Energy > AG Speaking Energy > FERC Takes Modest Step Forward in RTO/ISO Price Formation
29 Sep '15

Taking the first formal step in its year-long effort to examine price formation issues in the wholesale energy and ancillary services markets operated by regional transmission organizations and independent system operators (RTOs/ISOs), the Federal Energy Regulatory Commission (FERC or Commission) recently issued a Notice of Proposed Rulemaking (NOPR) proposing to reform how RTOs/ISOs settle energy and operating reserve transactions and how they price energy during system shortages.  The September 17, 2015, NOPR is based on the record developed in three Commission staff technical conferences on various price formation issues.

Specifically, FERC is proposing to revise its regulations to require that each RTO/ISO:

  • settle real-time energy transactions at the same time interval that the RTO/ISO uses to dispatch energy (e.g., every five minutes), and settle operating reserves transactions in the real-time market at the same time interval used to price operating reserves
  • trigger shortage pricing measures during any dispatch interval where there is an actual shortage of energy or operating reserves, regardless of the duration of the shortage.

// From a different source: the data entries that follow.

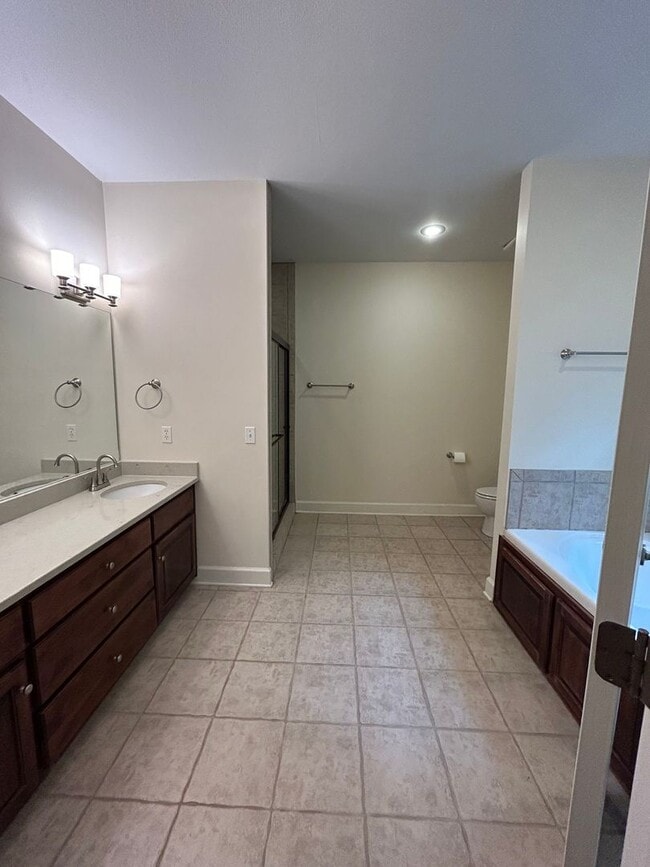Building Photo - Tartan Pines, Rosemount Court, Enterprise, AL
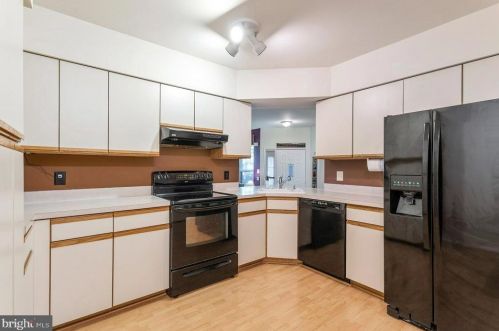 1310 Foxmeadow Dr, Limerick PA 19468-1556 exterior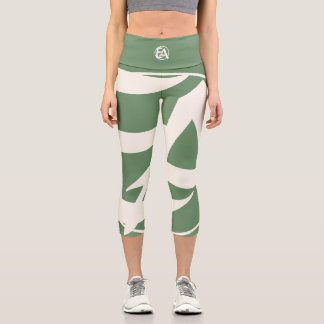 Leggings Capri Oversized Initials in White and Green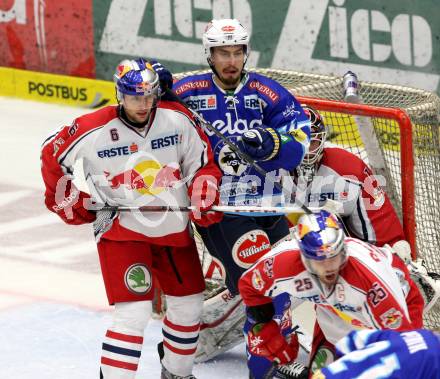 EBEL. Eishockey Bundesligal. EC VSV gegen EC Red Bull Salzburg. Justin Taylor, (VSV), Alexander Pallestrang  (Salzburg). Villach, am 5.10.2012.
Foto: Kuess 


---
pressefotos, pressefotografie, kuess, qs, qspictures, sport, bild, bilder, bilddatenbank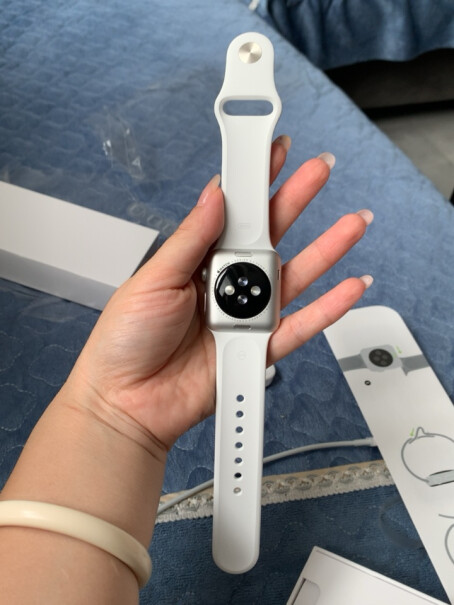 Apple Watch 3智能手表配彩虹表带买黑色还是白色呢？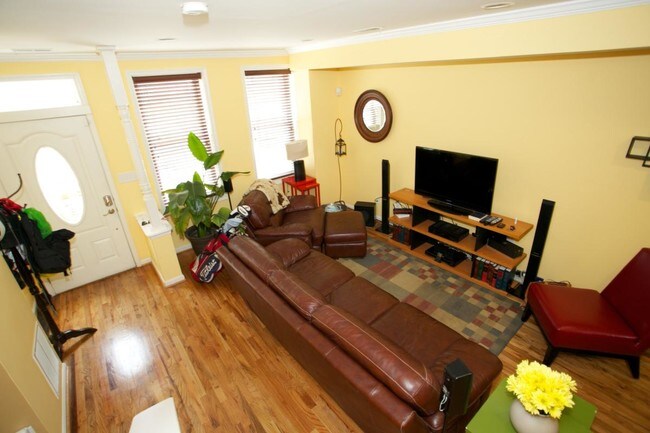 Foto del edificio - 777 Kenyon St NW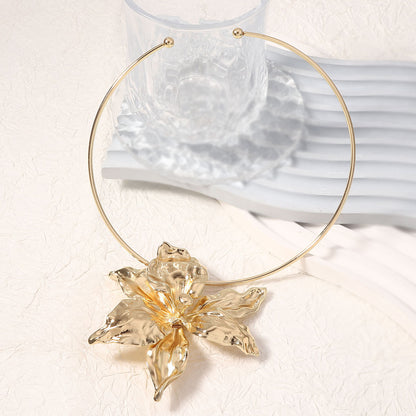 Statement Floral Pendant Choker 3D Minimalist Hip Hop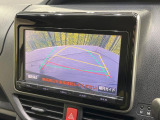 【バックカメラ】駐車時に後方がリアルタイム映像で確認できます。大型商業施設や立体駐車場での駐車時や、夜間のバック時に大活躍!運転スキルに関わらず、今や必須となった装備のひとつです!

While this is an important first step in addressing inefficient market rules, the NOPR offers only incremental reforms and leaves many of the larger issues discussed in the price formation proceeding for another day.  FERC intends to take further action at a later date to address other price formation topics, including offer caps, energy market mitigation and uplift.

Settlement Intervals

With respect to settlement of real-time energy and operating reserves transactions, FERC notes that some RTOs/ISOs (ISO New England, Midcontinent ISO and PJM Interconnection) price energy and dispatch resources at five-minute intervals, but settle transactions (i.e., pay producers for their energy) based on an hourly average price.  FERC preliminarily concludes in the NOPR that this settlement practice is unjust and unreasonable, because it may result in distorted price signals and may contribute to markets failing to respond to system operating needs. 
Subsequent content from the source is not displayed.